Breznau et al. (2022) — economics, statistics
These authors pose the question: does immigration reduce support for social policies among the public?
To answer it, they recruited 162 participants across 73 teams.
Each team was provided with a database of answers to a 6-question module on the role of government in providing different social services, which is part of the long-running International Social Survey Programme (ISSP). They were also provided with a wide range of World Bank, OECD, and immigration data.
…major research steps explain at most 2.6% of total variance in effect sizes and 10% of the deviance in subjective conclusions.
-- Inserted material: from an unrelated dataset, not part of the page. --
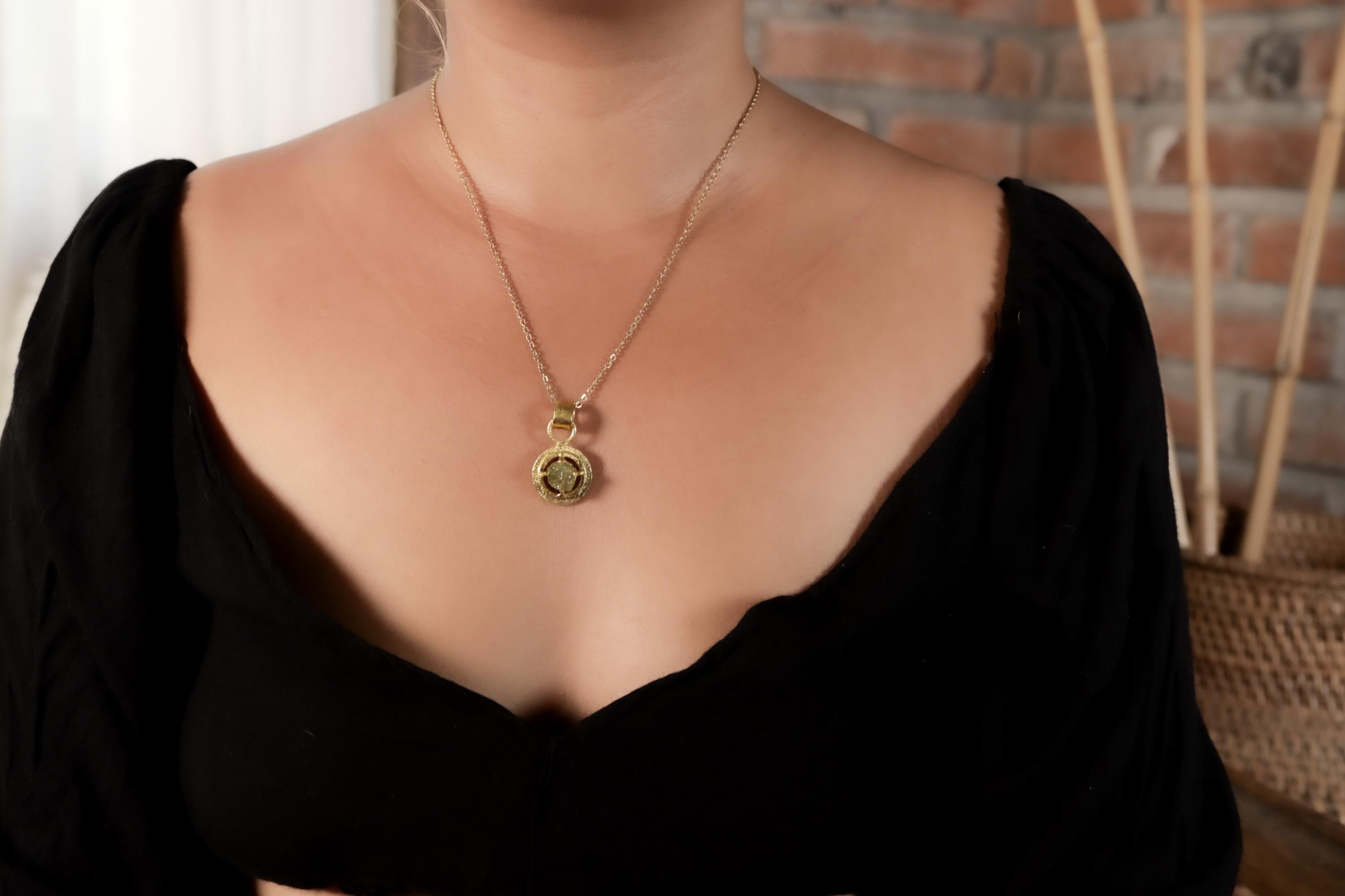 Raw Peridot pendant shown worn on a necklace, with 18k gold-plated claw frame and compact green gemstone shape.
Expertise, prior beliefs and attitudes explain even less. Each generated model was unique, which points to a vast universe of research design variability normally hidden from view in the presentation, consumption, and perhaps even creation of scientific results.
Synopsis
These studies have explicit selection criteria to ensure that they recruit only competent researchers.
Prior to studies of this nature, the “degrees of freedom” inherent in empirical analysis were not fully appreciated by researchers.
More than abundance of choice, these studies reveal a vast universe of previously underappreciated Evidence-Generating Process variability rooted in different but ostensibly valid research design, analysis, and operationalisation choices.